La Géorgie traverse une période de forte instabilité politique suite aux élections législatives controversées du 26 octobre dernier. Depuis l’annonce des résultats donnant vainqueur le parti au pouvoir, le Rêve géorgien, des milliers de Géorgiens pro-européens sont descendus dans les rues pour contester ce scrutin, dénonçant des irrégularités. Mais le gouvernement, accusé de vouloir rapprocher le pays de la Russie plutôt que de l’Union Européenne, a décidé de réprimer violemment ces manifestations pacifiques.
Une nuit d’affrontements à Tbilissi
Dans la nuit de jeudi à vendredi, la police anti-émeute est intervenue brutalement pour disperser les manifestants rassemblés devant le Parlement à Tbilissi. Faisant usage de balles en caoutchouc, de gaz lacrymogènes et de canons à eau, les forces de l’ordre ont chargé la foule, n’hésitant pas à frapper manifestants et journalistes. Face à eux, les protestataires avaient érigé des barricades enflammées pour tenter de résister.
Selon un bilan officiel, 43 personnes ont été arrêtées et 32 policiers blessés lors de ces affrontements. Parmi les protestataires, deux élues de l’opposition, Elene Khochtaria et Nana Malachkhia, ont également été blessées, souffrant respectivement d’un bras et d’un nez cassés. Le célèbre poète Zviad Ratiani fait aussi partie des personnes interpellées.
Un pays divisé entre pro-russes et pro-européens
Cette crise post-électorale révèle les profondes fractures qui traversent la société géorgienne. D’un côté, une grande partie de la population aspire à un rapprochement avec l’Union Européenne, considérant l’Occident comme un rempart contre l’influence de la Russie, perçue comme une menace depuis la guerre de 2008. De l’autre, le gouvernement issu du Rêve géorgien est accusé par ses détracteurs de vouloir éloigner le pays de l’Europe pour le rapprocher de Moscou.

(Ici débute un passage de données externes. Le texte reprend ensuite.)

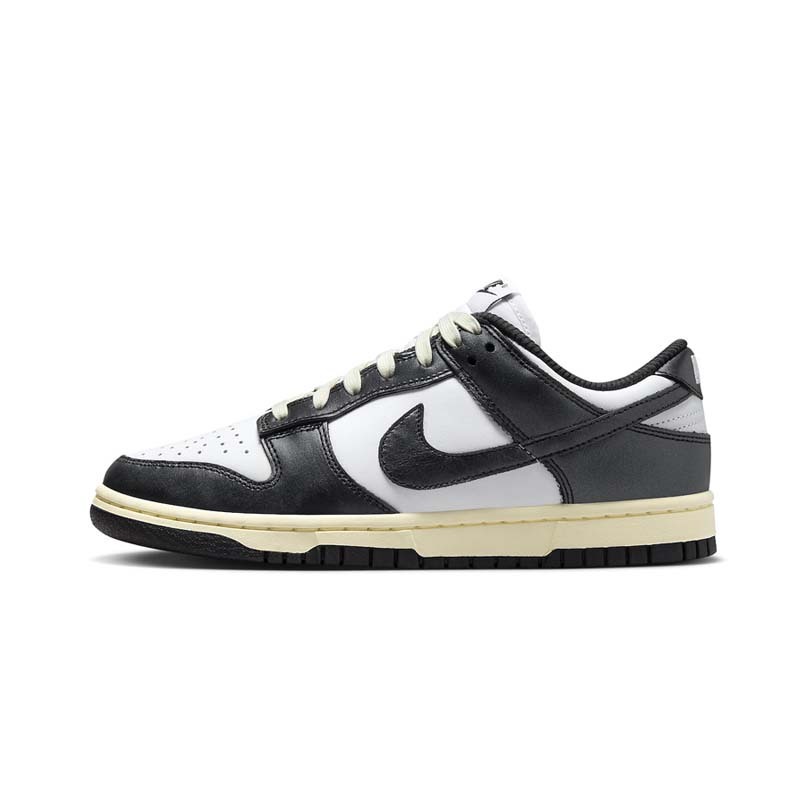 NIKE DUNK LOW "VINTAGE PANDA" 復古奶油熊貓 女鞋 FQ8899-100 [台灣現貨]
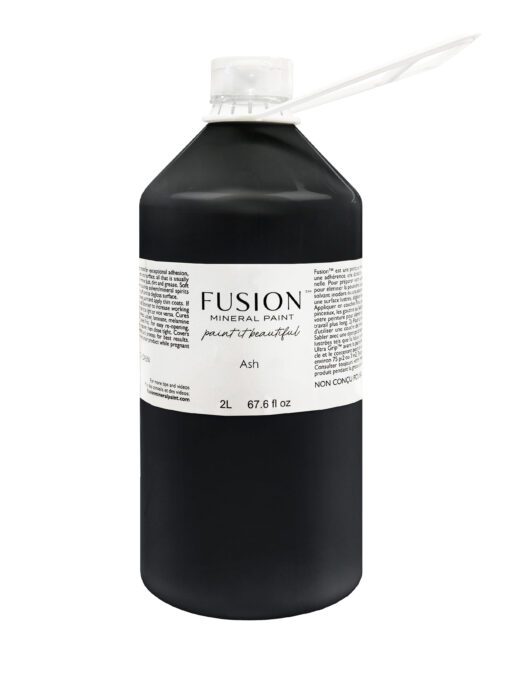 Fusion Mineral Paint Ash 2 Liter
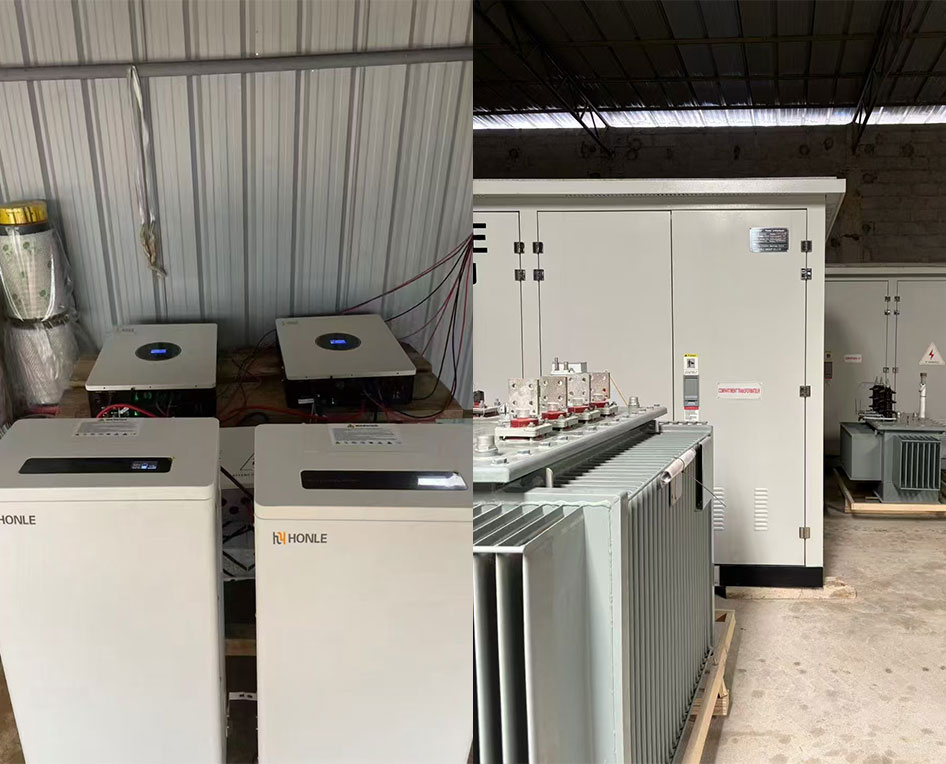 Système de stockage photovoltaïque en Côte d'Ivoire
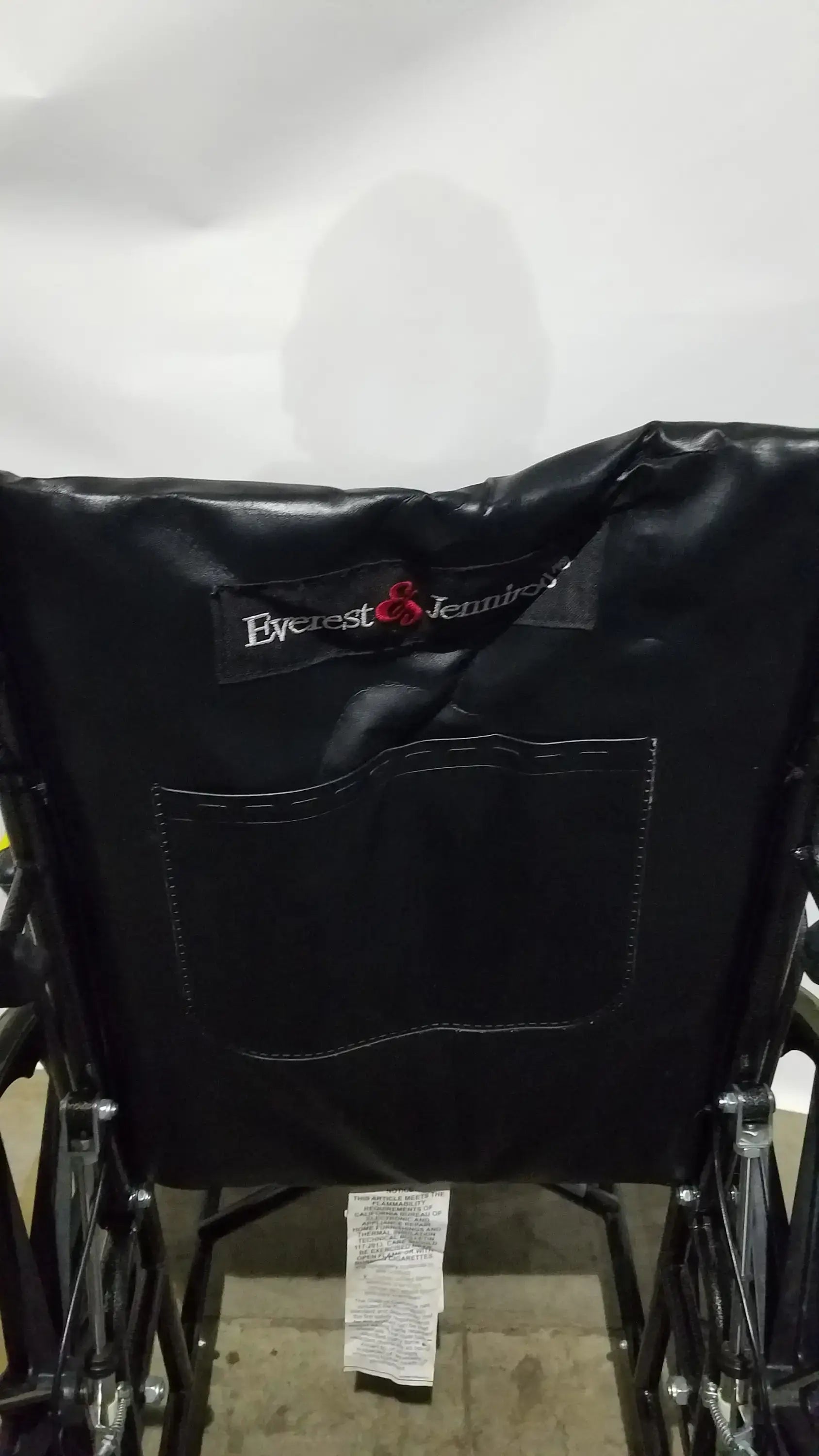 Everest & Jennings Advantage Recliner Folding Manual Wheelchair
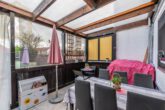 Terrasse - modernisiertes Reihenmittelhaus mit überdachter Terrasse in Vorsfelde! Mein Haus = Mein Partner!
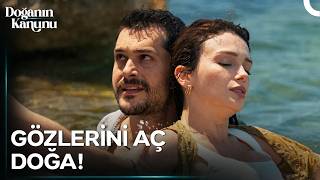Yaman Gözünü Kırpmadan Suya Atladı - Doğanın Kanunu 2. Bölüm İlk Sahne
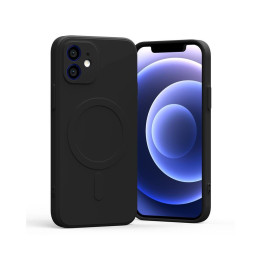 MERCURY SEMI-SILICON MAGSAFE IPHONE 11 BLACK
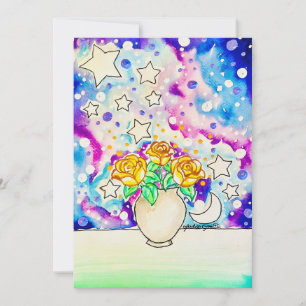 De Correspondance Carte Roses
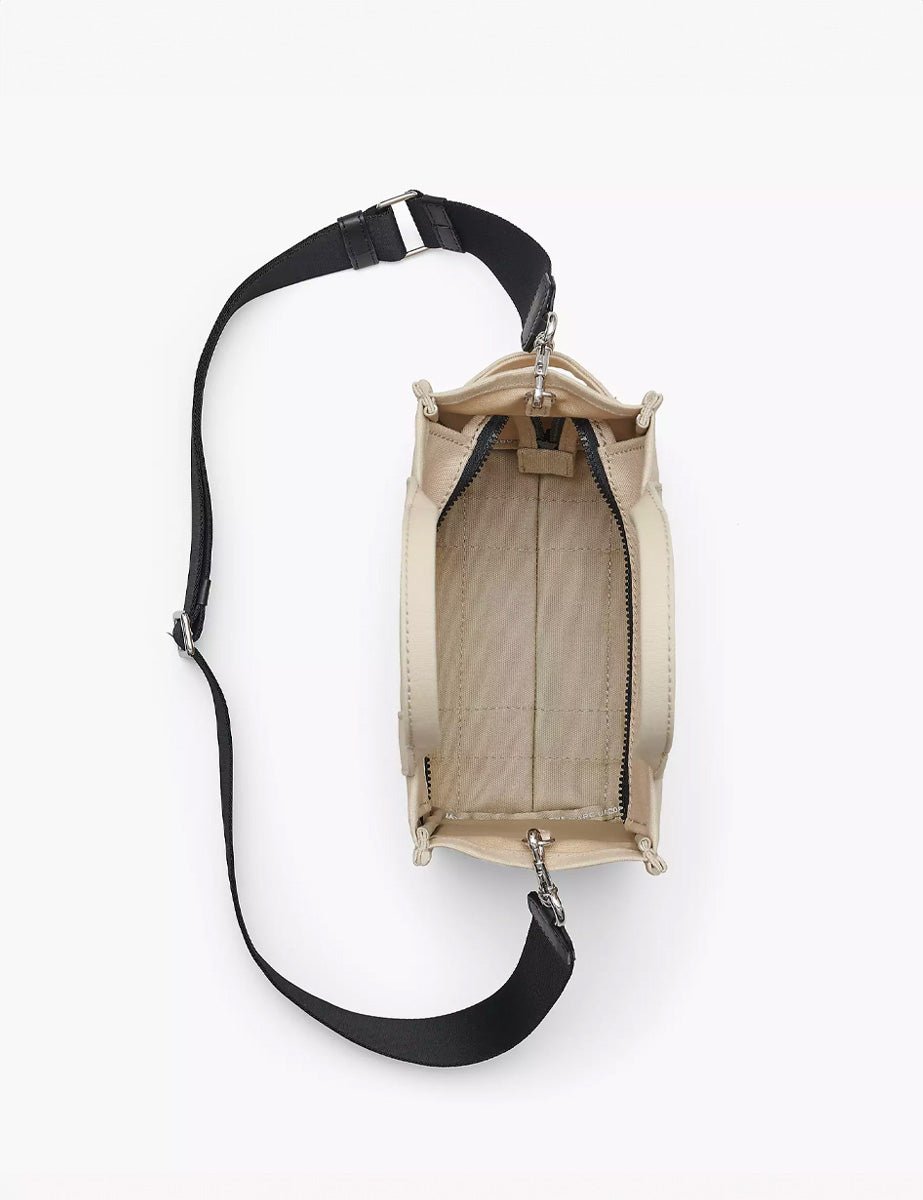 small tote bag canvas beige - marc jacobs - shopper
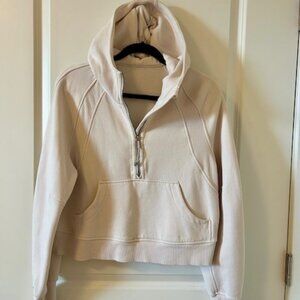Lululemon Scuba Crop Hoodie Size Medium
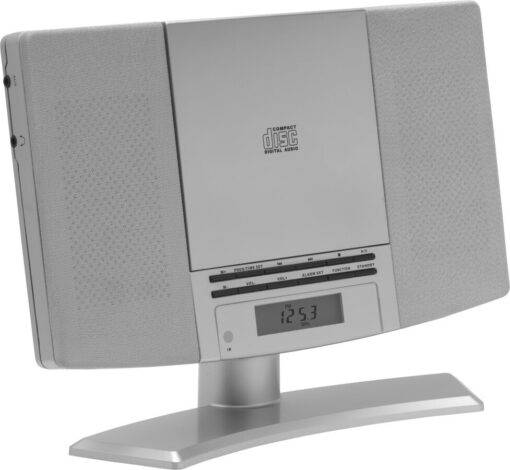 Denver Ηχοσύστημα 2.0 MC-5220 με CD Player Ασημί - Image 6
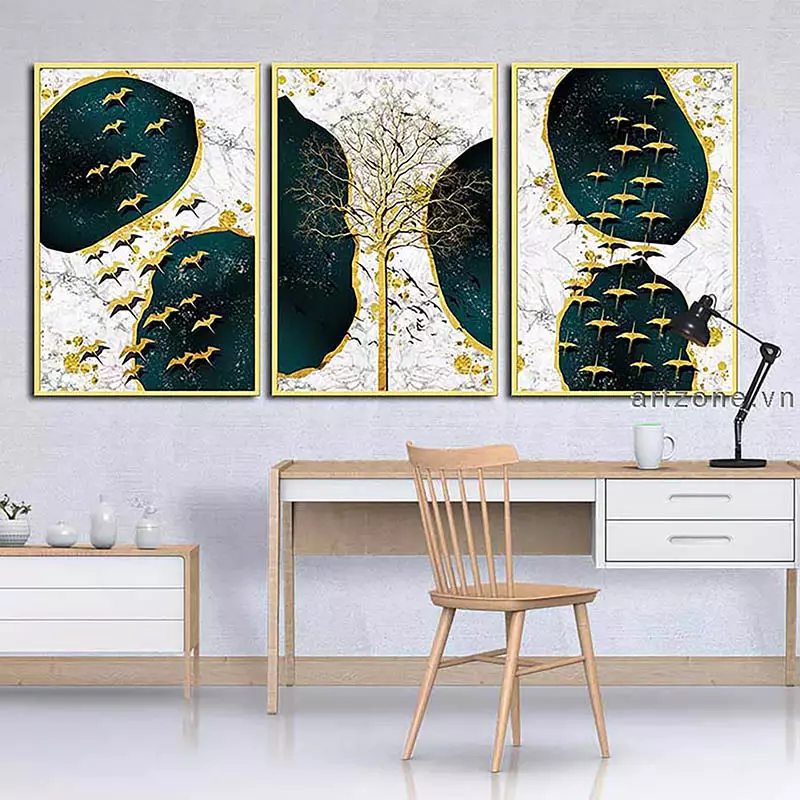 Màu sắc sống động và hiện đại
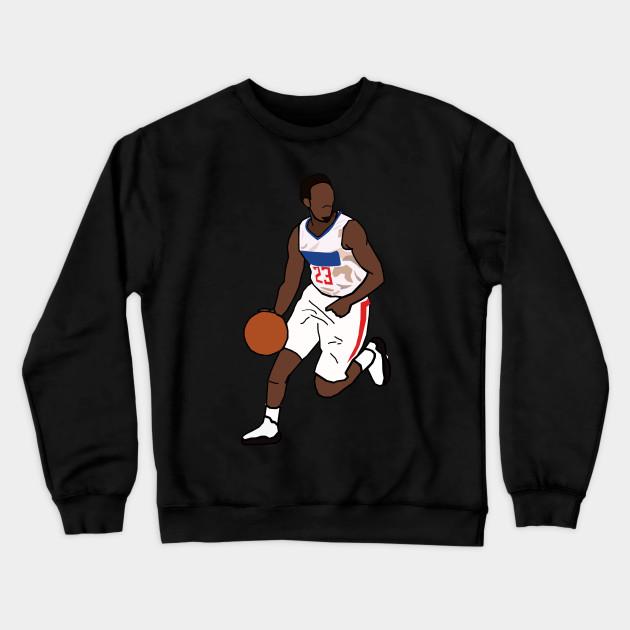 LA Clippers Pullover Crewneck Sweatshirt V17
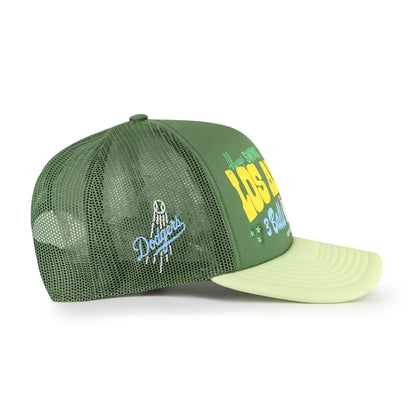LOS ANGELES DODGERS WEIGH STATION '47 HITCH FOAM FRONT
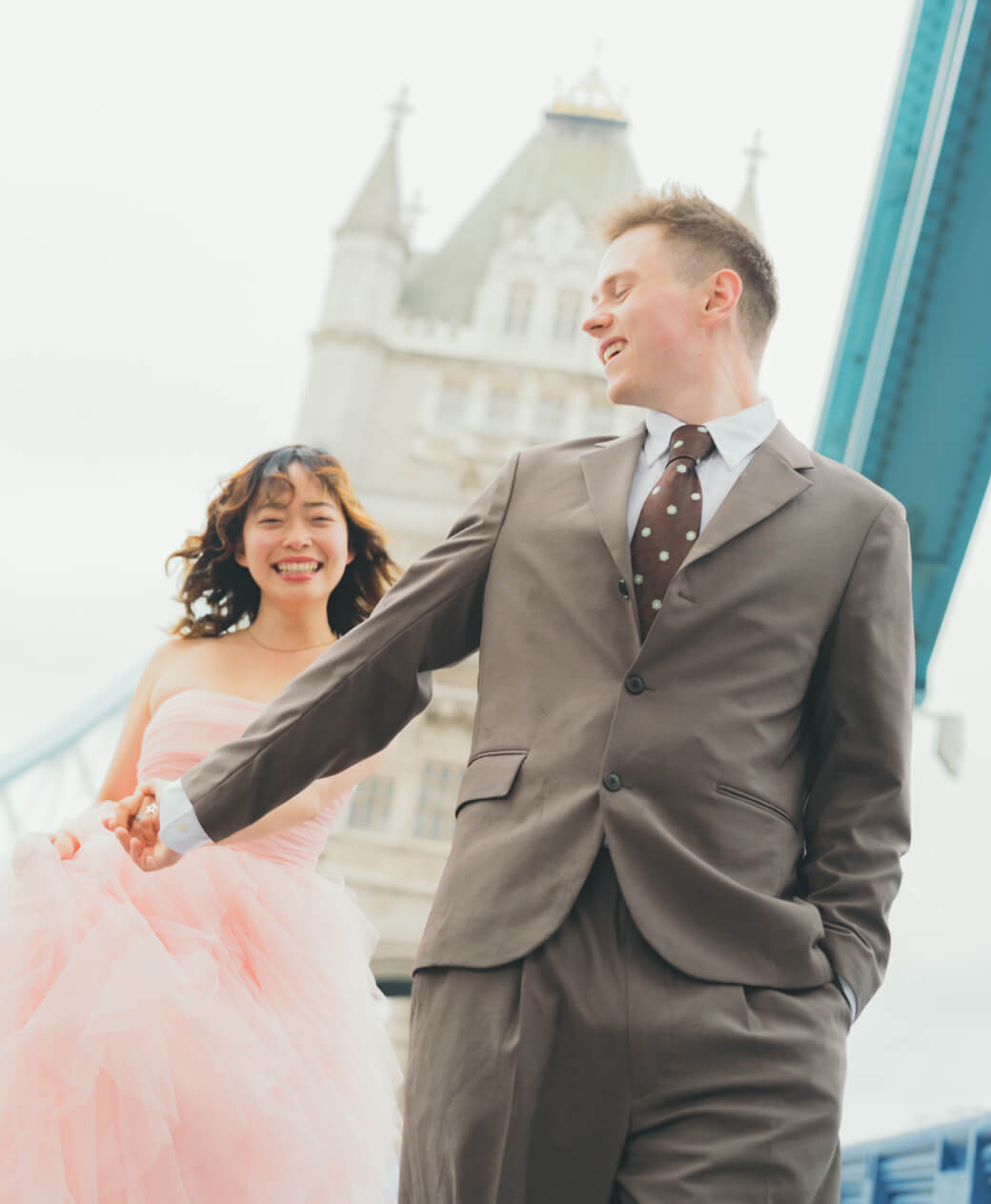 ロンドンウェディングフォト　タワーブリッジ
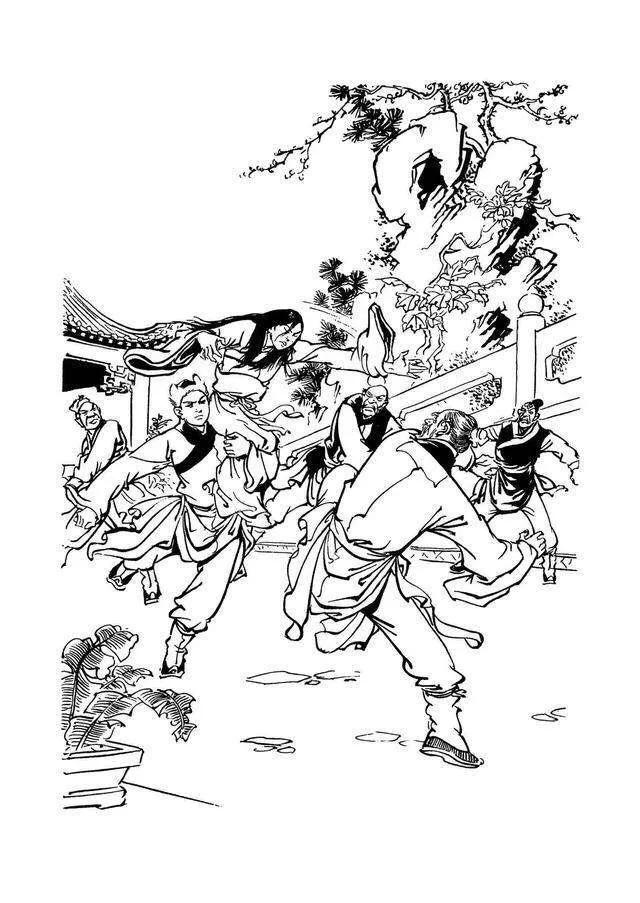 83版射雕英雄传改了原著哪些东西,射雕新修版改动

La décision annoncée jeudi soir par le gouvernement de suspendre jusqu’en 2028 les efforts d’intégration à l’UE, alors que la Géorgie avait obtenu le statut de candidat en décembre 2023, a mis le feu aux poudres. Le Premier ministre Irakli Kobakhidzé a rejeté les critiques du Parlement européen, l’accusant de « chantage », tout en assurant que le pays poursuivrait les réformes pour « devenir un Etat membre en 2030 ». Mais ces propos n’ont pas convaincu l’opposition.
L’opposition appelle à amplifier la contestation
Malgré la répression brutale des manifestations, l’opposition pro-européenne ne compte pas baisser les bras. Un de ses leaders a appelé à une nouvelle mobilisation massive ce vendredi soir à 19h dans la capitale. L’objectif est clair : faire plier le pouvoir en place et l’obliger à organiser de nouvelles élections libres. Des appels relayés sur les réseaux sociaux.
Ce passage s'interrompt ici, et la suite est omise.